L’histamine, présumée coupable
L’équipe de chercheurs a donc levé le voile sur la série d’événements à l’origine du SCI. À noter que la réponse immunitaire observée ne s’est produite que dans la partie de l’intestin infectée par les bactéries ; elle n’a pas engendré d’autres symptômes plus globaux typiques d’une allergie alimentaire par exemple. De ce fait, le professeur Boeckxstaens pense qu’il existe en réalité un large spectre de maladies immunitaires d’origine alimentaire, allant d’une réponse immunitaire très localisée — comme dans le cas du SCI — à une réaction généralisée, plus sévère, caractéristique de l’allergie ; cette dernière, entraînant parfois des difficultés respiratoires (asthme, œdème de Quincke) et/ou un choc anaphylactique.
Après leur expérimentation sur les souris, les chercheurs ont vérifié si les personnes atteintes du SCI réagissaient de la même manière.
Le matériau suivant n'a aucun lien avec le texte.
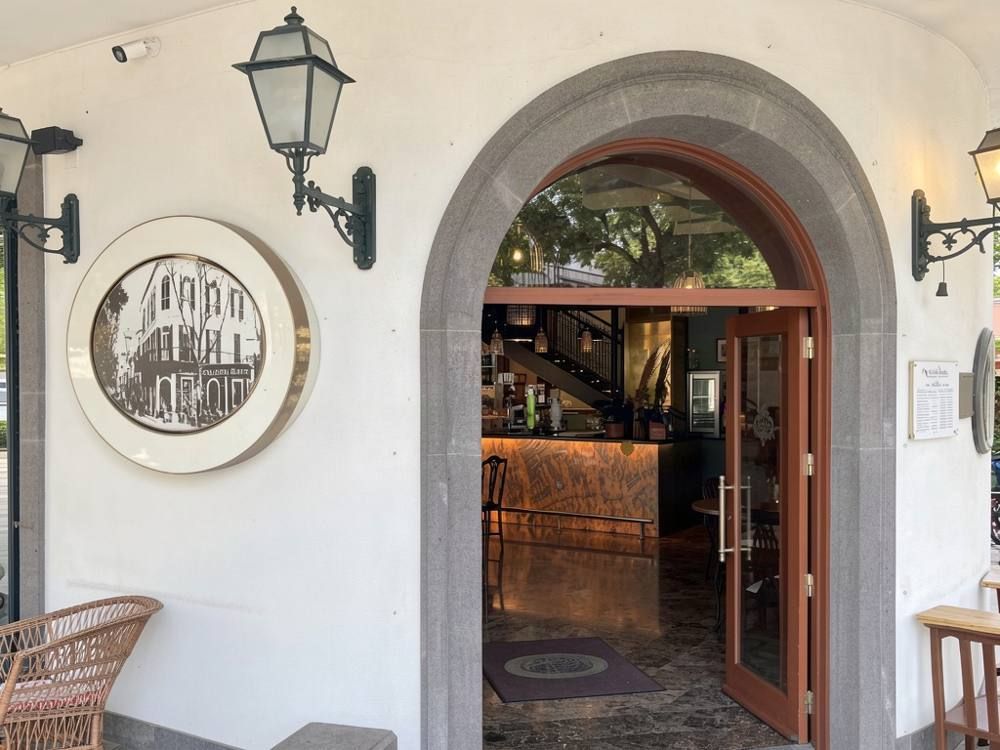 Golden Gate Grand Café, Funchal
Pour ce faire, ils ont injecté des antigènes alimentaires généralement associés au SCI (gluten, blé, soja, lait de vache) dans la paroi intestinale de douze patients souffrant de ce trouble. Tous ont présenté des réactions immunitaires localisées similaires à celles observées chez les souris (un œdème local et une activation des mastocytes). A contrario, chez les volontaires sains, aucune réaction n’a été constatée.
Certes, le nombre de personnes impliquées dans l’étude est relativement restreint et d’autres analyses seront nécessaires pour confirmer le mécanisme identifié. Toutefois, elle corrobore parfaitement l’essai clinique réalisé précédemment par l’équipe, qui consistait à traiter les patients atteints du SCI avec des antihistaminiques : leur état s’était alors beaucoup amélioré. « C’est une preuve supplémentaire que le mécanisme que nous avons démêlé a une pertinence clinique », souligne le professeur Boeckxstaens. La libération d’histamine est bel et bien au cœur de l’apparition du syndrome.
Un essai clinique du traitement à base d’antihistaminiques impliquant davantage de patients est en cours. L’objectif est à présent de trouver le mécanisme exact qui est à l’origine de l’activation des mastocytes, afin de mettre au point de nouvelles thérapies pour les patients. En effet, les mastocytes sont des cellules du système immunitaire qui libèrent bien plus de médiateurs chimiques que l’histamine ; ils contiennent également de la sérotonine, de l’héparine ou de la tryptase par exemple. Par conséquent, les chercheurs pensent que bloquer complètement l’activation de ces cellules sera encore plus efficace que de bloquer l’histamine seule.